(Information supplied)

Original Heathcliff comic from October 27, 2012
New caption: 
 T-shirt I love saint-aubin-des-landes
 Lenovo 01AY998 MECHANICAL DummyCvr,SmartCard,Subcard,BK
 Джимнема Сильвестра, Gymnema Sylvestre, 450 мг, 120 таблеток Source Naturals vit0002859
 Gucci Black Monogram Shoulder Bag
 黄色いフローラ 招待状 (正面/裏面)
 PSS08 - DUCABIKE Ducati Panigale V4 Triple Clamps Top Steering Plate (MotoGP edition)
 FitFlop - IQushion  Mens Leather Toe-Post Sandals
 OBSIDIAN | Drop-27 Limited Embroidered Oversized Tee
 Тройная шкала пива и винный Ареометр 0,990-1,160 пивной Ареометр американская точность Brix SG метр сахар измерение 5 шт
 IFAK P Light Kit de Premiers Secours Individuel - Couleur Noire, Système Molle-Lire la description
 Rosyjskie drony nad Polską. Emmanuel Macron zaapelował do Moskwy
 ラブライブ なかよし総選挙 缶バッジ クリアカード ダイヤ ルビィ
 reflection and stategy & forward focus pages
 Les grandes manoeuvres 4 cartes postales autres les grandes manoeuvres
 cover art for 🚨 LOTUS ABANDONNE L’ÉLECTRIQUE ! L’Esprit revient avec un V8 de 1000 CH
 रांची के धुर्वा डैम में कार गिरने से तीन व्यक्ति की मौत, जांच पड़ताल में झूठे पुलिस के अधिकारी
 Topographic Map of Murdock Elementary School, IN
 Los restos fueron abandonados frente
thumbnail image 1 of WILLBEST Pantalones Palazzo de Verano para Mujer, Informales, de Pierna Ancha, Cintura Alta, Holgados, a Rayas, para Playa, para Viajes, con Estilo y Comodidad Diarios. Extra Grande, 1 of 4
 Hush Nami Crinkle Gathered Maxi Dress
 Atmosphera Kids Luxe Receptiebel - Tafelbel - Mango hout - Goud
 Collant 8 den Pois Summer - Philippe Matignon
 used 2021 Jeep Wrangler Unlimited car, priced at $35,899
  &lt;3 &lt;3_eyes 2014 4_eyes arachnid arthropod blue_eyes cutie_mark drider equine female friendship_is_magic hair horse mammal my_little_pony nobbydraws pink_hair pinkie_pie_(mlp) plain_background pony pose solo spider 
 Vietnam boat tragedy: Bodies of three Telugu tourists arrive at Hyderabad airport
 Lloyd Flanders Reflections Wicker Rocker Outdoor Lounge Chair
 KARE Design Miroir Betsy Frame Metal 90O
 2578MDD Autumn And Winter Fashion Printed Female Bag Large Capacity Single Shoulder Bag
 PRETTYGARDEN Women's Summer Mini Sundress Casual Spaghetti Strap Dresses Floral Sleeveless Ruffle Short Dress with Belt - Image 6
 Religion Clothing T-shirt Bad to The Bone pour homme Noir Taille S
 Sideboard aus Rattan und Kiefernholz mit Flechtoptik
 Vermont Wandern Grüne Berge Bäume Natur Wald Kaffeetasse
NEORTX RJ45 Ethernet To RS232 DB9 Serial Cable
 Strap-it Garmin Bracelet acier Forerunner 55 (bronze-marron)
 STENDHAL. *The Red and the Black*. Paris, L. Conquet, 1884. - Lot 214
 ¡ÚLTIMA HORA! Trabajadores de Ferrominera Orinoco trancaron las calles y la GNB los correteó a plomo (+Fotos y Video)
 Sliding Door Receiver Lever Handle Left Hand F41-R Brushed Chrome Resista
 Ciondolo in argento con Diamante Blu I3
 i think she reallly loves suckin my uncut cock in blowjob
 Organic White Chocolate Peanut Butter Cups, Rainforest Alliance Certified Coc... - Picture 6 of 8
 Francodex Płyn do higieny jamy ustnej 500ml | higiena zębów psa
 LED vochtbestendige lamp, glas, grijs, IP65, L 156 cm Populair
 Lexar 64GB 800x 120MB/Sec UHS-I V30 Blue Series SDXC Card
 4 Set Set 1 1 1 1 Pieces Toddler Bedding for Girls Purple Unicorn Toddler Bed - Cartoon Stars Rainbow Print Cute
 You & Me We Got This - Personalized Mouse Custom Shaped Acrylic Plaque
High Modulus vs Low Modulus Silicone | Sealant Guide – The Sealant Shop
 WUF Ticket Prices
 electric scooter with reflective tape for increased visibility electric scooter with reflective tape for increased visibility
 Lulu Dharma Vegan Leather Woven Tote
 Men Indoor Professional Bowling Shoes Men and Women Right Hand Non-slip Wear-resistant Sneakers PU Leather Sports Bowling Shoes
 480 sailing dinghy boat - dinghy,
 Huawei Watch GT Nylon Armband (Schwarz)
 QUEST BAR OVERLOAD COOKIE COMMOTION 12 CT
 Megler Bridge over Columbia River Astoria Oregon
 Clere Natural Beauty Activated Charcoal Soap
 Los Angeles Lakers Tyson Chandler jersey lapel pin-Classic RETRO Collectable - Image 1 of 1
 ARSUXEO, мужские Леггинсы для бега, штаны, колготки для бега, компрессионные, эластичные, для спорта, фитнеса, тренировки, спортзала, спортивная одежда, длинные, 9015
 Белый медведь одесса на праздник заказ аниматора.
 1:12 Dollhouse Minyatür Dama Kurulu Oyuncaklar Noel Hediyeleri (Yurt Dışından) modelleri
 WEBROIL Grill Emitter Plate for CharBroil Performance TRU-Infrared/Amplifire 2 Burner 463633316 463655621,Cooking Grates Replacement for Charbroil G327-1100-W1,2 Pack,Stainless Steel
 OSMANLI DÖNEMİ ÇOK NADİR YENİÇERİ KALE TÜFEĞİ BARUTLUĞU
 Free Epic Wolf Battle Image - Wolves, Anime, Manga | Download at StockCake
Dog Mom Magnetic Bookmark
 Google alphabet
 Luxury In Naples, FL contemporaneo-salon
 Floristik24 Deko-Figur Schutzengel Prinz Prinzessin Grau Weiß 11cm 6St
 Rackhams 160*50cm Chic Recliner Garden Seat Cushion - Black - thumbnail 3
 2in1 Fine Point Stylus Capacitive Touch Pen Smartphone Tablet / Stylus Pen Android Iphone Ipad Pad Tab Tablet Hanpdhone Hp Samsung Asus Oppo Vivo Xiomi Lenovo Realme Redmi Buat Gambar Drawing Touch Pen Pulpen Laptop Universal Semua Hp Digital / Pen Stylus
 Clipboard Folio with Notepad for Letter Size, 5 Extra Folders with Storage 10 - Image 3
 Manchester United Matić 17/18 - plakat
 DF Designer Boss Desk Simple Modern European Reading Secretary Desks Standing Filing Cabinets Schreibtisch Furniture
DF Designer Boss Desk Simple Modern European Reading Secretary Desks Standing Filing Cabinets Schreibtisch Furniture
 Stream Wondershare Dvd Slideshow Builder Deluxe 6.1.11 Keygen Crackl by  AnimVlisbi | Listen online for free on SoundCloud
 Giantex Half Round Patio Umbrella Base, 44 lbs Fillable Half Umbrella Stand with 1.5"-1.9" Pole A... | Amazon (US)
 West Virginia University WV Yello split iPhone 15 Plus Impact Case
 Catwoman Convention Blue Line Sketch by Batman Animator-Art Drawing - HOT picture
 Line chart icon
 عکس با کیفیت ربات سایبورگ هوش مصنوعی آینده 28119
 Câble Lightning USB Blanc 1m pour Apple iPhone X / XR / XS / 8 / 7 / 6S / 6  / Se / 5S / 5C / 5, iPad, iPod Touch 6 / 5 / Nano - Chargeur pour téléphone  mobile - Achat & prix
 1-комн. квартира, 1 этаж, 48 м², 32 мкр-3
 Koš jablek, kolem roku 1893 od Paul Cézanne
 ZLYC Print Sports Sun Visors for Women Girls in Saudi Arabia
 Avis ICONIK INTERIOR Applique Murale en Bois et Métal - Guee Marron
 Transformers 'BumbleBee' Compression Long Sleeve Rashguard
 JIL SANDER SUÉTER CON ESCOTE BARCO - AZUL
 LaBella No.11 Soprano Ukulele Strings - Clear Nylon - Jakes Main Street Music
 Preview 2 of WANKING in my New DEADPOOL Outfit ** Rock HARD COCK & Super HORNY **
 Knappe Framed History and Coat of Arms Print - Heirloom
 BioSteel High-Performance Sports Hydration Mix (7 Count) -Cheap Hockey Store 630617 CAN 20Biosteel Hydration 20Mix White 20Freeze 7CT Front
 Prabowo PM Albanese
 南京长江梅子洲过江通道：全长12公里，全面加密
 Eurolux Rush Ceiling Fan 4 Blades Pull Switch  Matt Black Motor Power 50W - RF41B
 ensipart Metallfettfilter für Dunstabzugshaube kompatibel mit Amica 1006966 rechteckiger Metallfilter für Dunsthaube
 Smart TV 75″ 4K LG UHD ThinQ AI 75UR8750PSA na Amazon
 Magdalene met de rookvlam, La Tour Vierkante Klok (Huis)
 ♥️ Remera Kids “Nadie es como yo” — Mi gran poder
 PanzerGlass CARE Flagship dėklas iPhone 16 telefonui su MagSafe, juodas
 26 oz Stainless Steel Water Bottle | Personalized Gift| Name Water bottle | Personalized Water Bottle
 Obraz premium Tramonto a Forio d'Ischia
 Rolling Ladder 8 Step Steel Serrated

(End Information supplied)

### Work order
Could you restate word for word the lines above from the one containing "PSS08 - DUCABIKE" through the one containing "thumbnail image 1", both included, and nothing else?

### Result below
 PSS08 - DUCABIKE Ducati Panigale V4 Triple Clamps Top Steering Plate (MotoGP edition)
 FitFlop - IQushion  Mens Leather Toe-Post Sandals
 OBSIDIAN | Drop-27 Limited Embroidered Oversized Tee
 Тройная шкала пива и винный Ареометр 0,990-1,160 пивной Ареометр американская точность Brix SG метр сахар измерение 5 шт
 IFAK P Light Kit de Premiers Secours Individuel - Couleur Noire, Système Molle-Lire la description
 Rosyjskie drony nad Polską. Emmanuel Macron zaapelował do Moskwy
 ラブライブ なかよし総選挙 缶バッジ クリアカード ダイヤ ルビィ
 reflection and stategy & forward focus pages
 Les grandes manoeuvres 4 cartes postales autres les grandes manoeuvres
 cover art for 🚨 LOTUS ABANDONNE L’ÉLECTRIQUE ! L’Esprit revient avec un V8 de 1000 CH
 रांची के धुर्वा डैम में कार गिरने से तीन व्यक्ति की मौत, जांच पड़ताल में झूठे पुलिस के अधिकारी
 Topographic Map of Murdock Elementary School, IN
 Los restos fueron abandonados frente
thumbnail image 1 of WILLBEST Pantalones Palazzo de Verano para Mujer, Informales, de Pierna Ancha, Cintura Alta, Holgados, a Rayas, para Playa, para Viajes, con Estilo y Comodidad Diarios. Extra Grande, 1 of 4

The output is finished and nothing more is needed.